Monday 1 April 2019

The Fourth World: An Indian Reality by George Manuel and Michael Posluns




Leaders who call their people apathetic because there is too little response to their leadership are likely pointing in the wrong direction.


There is no single Trail of Tears that can be drawn on Canadian maps as it must be drawn for the Cherokee Nation.  We were not banished from our land.  It is as though the land was moved from under us.
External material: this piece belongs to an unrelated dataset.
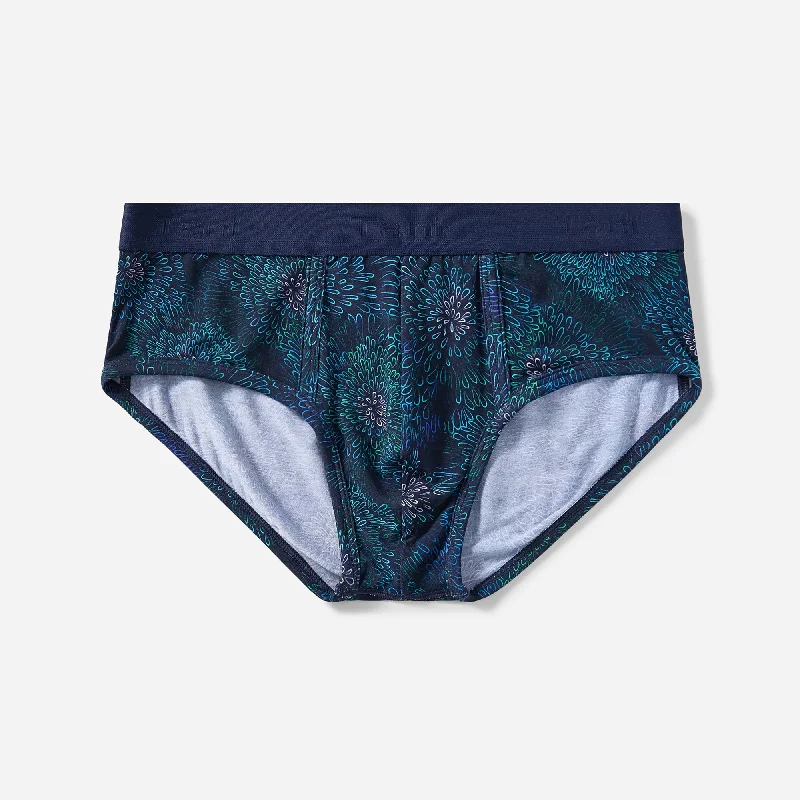 Men's briefs with a quick - dry featureSilktouch TENCEL™ Modal Air Jacquard Waistband Brief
It had been estimated that the average European at the time of Columbus was five feet tall.  One out of ten Europeans in those days was deformed in some way due to insufficient diet. … At that time North American Indians were cultivating 600 different types of corn; all the different kinds of beans know today (except horse and soy beans, which came from China); potatoes; peanuts; and a host of other foodstuffs…. East Coast Indians taught Europeans to enjoy such dishes as clam chowder, oyster stew, baked pumpkin, cranberry sauce, and popcorn, and introduced them to squash, celery, buckwheat, maple sugar, pepper, chocolate, and tapioca. … If our instruments of war had been as highly developed as our social structures, our agriculture, and our medicine, the result might have been still different again.



At this point in our struggle for survival, the Indigenous peoples of North America are entitled to declare a victory.  We have survived.  If others have also prospered on our land, let it stand as a sign between us that the Mother Earth can be good to all her children without confusing one with another.  It is a myth of European warfare that one man’s victory require another’s defeat.



 The fact of the matter is that there was never a time since the beginning of colonial conquest when Indian people were not resisting the destructive forces besetting us: the state through the Indian agent; the church through the priests; the church and state through the schools; the state of industry through the traders.